Assuming your pipe is standard ABS DWV, I'd personally fabricate a rough
plug out of some ABS scrap, and jam it into the hole liberally greased
with ABS glue.
It'll take at least half a day to completely set, but this is probably
the most rugged repair, because you're essentially welding the hole
shut. Or, "reconstructing the ABS pipe" if you prefer to look at it
PVC glue won't work on ABS. Yes, you can glue PVC to ABS using
"PVC-ABS" glue, but why bother? Pure ABS-ABS is better.
Epoxy or various other glues will often work (given suitable prep),
but not nearly as well as ABS solvent weld.
Reconstructing ABS using ABS scraps and ABS glue works remarkably
I had a electric blower housing case shatter when the impeller
came apart at speed. The blower case was 100% ABS. It was
easy to piece it back together using ABS glue (and a few scraps),
and now you can't tell. It's just as strong as originally.
Chris Lewis, Una confibula non set est
It\'s not just anyone who gets a Starship Cruiser class named after them.
Chris Lewis ( email@example.com) said...
The OP's subject line says "PVC", so the ABS suggestions will not work.
What colour is the pipe -- white, black, or something else?
Where I am (Toronto), we cannot use PVC for DWV, so the only plastic
DWV pipe used is ABS and that is black (ABS, the plastic, can be made
in just about any colour, but the DWV pipe is black).
We can, and usually do, use PVC for the drains from the house to the
sewer system, but the PVC-to-ABS coupling is below the basement floor.
Here, PVC used for sanitary drains must be coloured and is usually
green. White PVC can only be used on storm sewer connections (in our
municipality, only the weeping tile can connect to it).
Or a PVC solvent weld, if the pipe is PVC.
"Never ascribe to malice what can equally be explained by incompetence."
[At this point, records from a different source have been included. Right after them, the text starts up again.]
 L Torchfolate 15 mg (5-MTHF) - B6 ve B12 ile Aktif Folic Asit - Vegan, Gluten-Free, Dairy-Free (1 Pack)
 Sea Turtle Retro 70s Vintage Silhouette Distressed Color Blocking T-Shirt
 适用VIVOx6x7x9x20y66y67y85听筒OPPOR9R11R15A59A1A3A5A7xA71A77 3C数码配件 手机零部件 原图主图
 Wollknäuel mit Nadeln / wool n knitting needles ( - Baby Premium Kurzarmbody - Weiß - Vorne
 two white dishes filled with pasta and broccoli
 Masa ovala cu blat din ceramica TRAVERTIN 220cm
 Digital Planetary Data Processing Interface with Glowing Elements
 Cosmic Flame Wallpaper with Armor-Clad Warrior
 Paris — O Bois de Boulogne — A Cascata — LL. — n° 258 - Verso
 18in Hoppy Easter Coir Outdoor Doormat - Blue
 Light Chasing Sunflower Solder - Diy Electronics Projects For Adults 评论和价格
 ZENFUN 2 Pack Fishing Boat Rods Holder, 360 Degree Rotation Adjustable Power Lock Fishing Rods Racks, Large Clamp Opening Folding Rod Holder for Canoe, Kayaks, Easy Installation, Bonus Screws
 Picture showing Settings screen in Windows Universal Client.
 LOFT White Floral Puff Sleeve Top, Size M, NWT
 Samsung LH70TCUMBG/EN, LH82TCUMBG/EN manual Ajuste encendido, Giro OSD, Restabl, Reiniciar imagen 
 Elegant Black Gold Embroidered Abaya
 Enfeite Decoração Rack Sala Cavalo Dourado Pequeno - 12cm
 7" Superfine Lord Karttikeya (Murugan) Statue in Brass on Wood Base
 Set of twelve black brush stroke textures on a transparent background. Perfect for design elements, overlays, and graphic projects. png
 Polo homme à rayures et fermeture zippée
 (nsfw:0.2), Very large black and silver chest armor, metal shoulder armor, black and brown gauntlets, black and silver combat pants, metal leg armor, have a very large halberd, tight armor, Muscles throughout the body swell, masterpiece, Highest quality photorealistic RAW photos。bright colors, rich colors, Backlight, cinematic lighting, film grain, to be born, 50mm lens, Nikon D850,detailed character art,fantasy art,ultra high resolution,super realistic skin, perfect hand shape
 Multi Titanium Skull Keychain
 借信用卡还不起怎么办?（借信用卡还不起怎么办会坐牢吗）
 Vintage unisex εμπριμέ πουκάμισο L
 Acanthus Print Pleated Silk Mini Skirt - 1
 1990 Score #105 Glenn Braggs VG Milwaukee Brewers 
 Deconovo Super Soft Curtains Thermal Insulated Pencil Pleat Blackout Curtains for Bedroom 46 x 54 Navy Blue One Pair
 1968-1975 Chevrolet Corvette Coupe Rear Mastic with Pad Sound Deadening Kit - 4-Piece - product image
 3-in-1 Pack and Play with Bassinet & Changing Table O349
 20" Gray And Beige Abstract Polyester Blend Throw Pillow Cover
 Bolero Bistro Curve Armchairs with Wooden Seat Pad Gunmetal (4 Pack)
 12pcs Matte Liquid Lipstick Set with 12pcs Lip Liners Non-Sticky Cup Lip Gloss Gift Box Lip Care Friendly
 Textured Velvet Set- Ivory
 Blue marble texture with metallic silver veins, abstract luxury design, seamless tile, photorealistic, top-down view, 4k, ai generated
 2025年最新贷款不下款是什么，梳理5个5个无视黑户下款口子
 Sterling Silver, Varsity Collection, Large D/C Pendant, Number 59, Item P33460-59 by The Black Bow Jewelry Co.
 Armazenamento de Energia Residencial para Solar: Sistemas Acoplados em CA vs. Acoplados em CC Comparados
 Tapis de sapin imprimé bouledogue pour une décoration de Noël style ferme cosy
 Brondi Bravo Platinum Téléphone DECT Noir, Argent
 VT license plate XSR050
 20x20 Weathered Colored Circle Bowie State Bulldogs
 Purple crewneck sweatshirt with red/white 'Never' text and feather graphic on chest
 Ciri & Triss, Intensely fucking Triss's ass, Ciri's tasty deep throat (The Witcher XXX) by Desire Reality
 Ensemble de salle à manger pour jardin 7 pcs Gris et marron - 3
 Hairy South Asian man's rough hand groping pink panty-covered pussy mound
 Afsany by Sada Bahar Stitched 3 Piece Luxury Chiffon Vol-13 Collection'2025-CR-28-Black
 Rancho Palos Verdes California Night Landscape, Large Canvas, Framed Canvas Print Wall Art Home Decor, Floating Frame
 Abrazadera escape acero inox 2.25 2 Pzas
Right before I bought my first home I had installed an R/O filter
system in my apartment. For the waste water line I had to drill a hole
in the drain pipe. When I removed the R/O unit I simply threaded a
short nylon bolt into the hole. Worked like a charm. It was alot
easier than replacing the drain pipe....
Your wife is stupid Stupid STUPID !!!!
Get a divorce.
Then clean the hole real well and coat it with JB Weld
Next, take a Fernco coupling and slit it down one side (with the
clamps off of it).
Slip it around the pipe and install the clamps. You'll have to work
the clamp bands into the threads of the clamp, which can be a little
tough to do inside the wall.
Be sure the split in the fernco is AWAY from the hole and the JB Weld
is still wet.
I would NOT use the quick drying JB Weld. It will take a while to get
the clamps on, and the stuff will dry to fast.